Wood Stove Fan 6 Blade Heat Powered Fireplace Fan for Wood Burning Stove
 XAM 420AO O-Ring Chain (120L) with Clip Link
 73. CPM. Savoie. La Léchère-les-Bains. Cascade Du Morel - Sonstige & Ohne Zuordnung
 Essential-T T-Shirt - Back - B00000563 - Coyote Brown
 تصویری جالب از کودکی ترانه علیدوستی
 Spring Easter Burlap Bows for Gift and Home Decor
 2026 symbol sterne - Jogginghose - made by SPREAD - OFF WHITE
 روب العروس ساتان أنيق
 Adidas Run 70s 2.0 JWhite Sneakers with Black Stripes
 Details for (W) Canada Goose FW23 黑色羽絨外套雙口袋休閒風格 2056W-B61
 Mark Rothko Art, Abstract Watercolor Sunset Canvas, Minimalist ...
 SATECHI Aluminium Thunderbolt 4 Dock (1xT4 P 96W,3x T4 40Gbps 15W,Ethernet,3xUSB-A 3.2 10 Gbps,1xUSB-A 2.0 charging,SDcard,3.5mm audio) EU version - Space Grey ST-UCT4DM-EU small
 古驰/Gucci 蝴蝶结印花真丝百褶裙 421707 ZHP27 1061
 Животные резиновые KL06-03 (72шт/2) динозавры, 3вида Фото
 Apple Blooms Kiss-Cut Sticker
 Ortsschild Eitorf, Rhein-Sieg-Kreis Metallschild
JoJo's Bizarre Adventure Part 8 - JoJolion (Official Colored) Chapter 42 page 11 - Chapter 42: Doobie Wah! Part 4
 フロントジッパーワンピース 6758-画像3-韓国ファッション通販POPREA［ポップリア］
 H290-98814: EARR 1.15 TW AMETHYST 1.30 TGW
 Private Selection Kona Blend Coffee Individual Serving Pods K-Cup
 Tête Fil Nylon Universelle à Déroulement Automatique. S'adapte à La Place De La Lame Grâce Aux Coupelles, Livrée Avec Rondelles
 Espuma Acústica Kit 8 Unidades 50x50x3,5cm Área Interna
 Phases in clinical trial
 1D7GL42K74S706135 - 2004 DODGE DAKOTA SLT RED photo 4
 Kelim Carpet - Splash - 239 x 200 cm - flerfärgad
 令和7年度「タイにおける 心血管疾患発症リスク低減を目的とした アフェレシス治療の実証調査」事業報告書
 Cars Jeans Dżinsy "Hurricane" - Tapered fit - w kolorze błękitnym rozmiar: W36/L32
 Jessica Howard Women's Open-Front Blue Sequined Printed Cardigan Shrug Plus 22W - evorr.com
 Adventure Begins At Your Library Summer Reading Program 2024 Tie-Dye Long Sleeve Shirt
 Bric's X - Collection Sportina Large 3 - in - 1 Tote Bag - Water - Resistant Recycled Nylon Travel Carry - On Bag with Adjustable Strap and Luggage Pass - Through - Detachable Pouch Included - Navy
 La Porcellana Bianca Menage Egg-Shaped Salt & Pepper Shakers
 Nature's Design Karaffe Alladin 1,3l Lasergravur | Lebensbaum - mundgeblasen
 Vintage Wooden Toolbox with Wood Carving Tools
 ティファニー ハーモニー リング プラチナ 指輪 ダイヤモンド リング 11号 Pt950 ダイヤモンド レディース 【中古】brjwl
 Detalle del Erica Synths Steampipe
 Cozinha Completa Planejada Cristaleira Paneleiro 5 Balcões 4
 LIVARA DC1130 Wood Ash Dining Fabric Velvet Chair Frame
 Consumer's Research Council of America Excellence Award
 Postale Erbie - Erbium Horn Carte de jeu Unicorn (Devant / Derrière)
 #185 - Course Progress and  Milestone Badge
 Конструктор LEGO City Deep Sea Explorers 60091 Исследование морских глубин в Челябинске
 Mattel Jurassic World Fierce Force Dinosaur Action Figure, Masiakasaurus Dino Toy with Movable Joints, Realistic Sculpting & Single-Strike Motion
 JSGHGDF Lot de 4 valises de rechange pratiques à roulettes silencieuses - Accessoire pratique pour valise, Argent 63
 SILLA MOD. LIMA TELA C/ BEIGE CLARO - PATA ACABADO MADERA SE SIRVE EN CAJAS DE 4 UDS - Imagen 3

____

__REQUIRED ACTION__
Retype word for word everything in the listing above from the line that holds "#185 - Course" down to the line that holds "JSGHGDF Lot de". Keep both end lines and leave out the rest.

__ANSWER TO THIS PROBLEM__
 #185 - Course Progress and  Milestone Badge
 Конструктор LEGO City Deep Sea Explorers 60091 Исследование морских глубин в Челябинске
 Mattel Jurassic World Fierce Force Dinosaur Action Figure, Masiakasaurus Dino Toy with Movable Joints, Realistic Sculpting & Single-Strike Motion
 JSGHGDF Lot de 4 valises de rechange pratiques à roulettes silencieuses - Accessoire pratique pour valise, Argent 63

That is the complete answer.